Certamente alle spalle di tutto questo ci sta il grande talento di Michela Lucenti, per altro coreografa per La Traviata di Martone/Gatti recentemente in onda su Rai3, la quale è riuscita come sempre a coniugare il lavoro di 11 attori-danzatori di età compresa tra i 9 e 76 anni a un gruppo di musicisti dal vivo, l’Ensemble Cremona Antiqua, diretto da Antonio Greco e due ottime cantanti liriche quali il soprano Valeria La Grotta e il mezzosoprano Anna Bessi.
Michela Lucenti, parlando del suo spettacolo, aveva fatto riferimento a una riflessione dello storico dell’arte Tommaso Montanari secondo il quale la cultura del ‘600 parla della condizione del corpo moderno: “Il corpo in movimento – dice la Lucenti – è il fulcro del Barocco ed è qui che Balletto Civile trova la sua ispirazione, nel corpo di creature in continuo cambiamento, uno sguardo sulla complessità del mondo, fatto di eroi umani, densi di flussi interiori liberi e inconsapevoli che costituiscono per noi materia di profonda indagine e rappresentano l’orizzonte di una nuova estetica”.
E infatti quello che vediamo in scena è proprio l’espressione dei vari corpi che interpretano gli antieroi delle periferie del mondo. Sul palco è offerta con estremo verismo la quotidianità del mondo, fatta di storie semplici di personaggi alla ricerca di un propria identità. Quattro operai, un dirigente per caso (in quanto il suo sogno era quello di diventare un ballerino da balera), un inserviente di colore, un papà vedovo con figlia, un travestito amante di Shakespeare, un supplente comunista e un nonno ex anarchico sono i protagonisti di una situazione fluida che non richiede narrazione. Tutti si litigano e si amano, eternamente e inevitabilmente divisi fra l’impulso alla cooperazione e l’egoismo, perché così è la vita. I temi pastorali dei Madrigali come per incanto si adeguano all’urgenza di questi personaggi che nelle arie barocche riescono a trovare sia la pace che l’impeto, quando occorre.

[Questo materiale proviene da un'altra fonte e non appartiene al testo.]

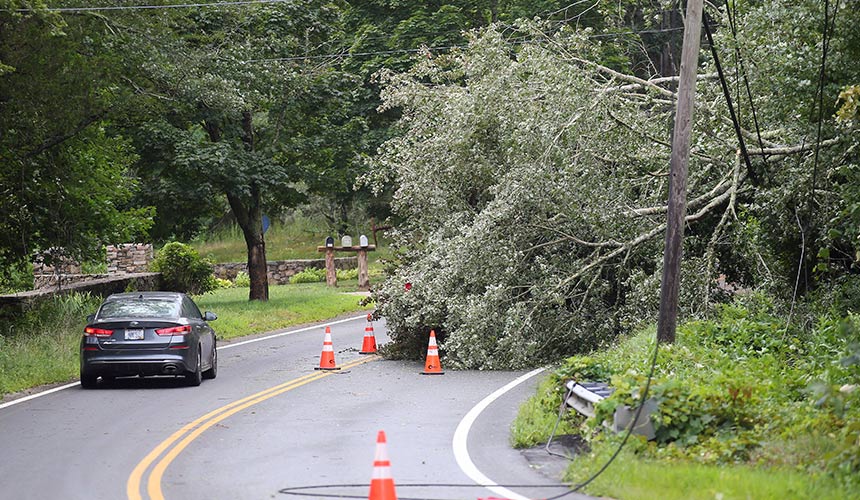 Sebuah kenderaan mengelak pokok tumbang yang mengenai kabel tenaga elektrik di Route 138, South Kingstown, Rhode Island, 22 Ogos, 2021. (Foto AP)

Un lavoro che per certi versi ci riporta a quelli di Pippo Del Bono ed Emma Dante in cui dentro c’è di tutto perché tutto ci può stare, con un cast eterogeneo, che sa parlare al pubblico. Un meraviglioso insieme di corpi (e anime) che non si limitano a raccontare la vita, ma che vive in scena, come ha giustamente sottolineato Michela Lucenti, fata intelligente e sensuale, che con la sua bacchetta magica (che non vediamo ma c’è) sa davvero fare miracoli.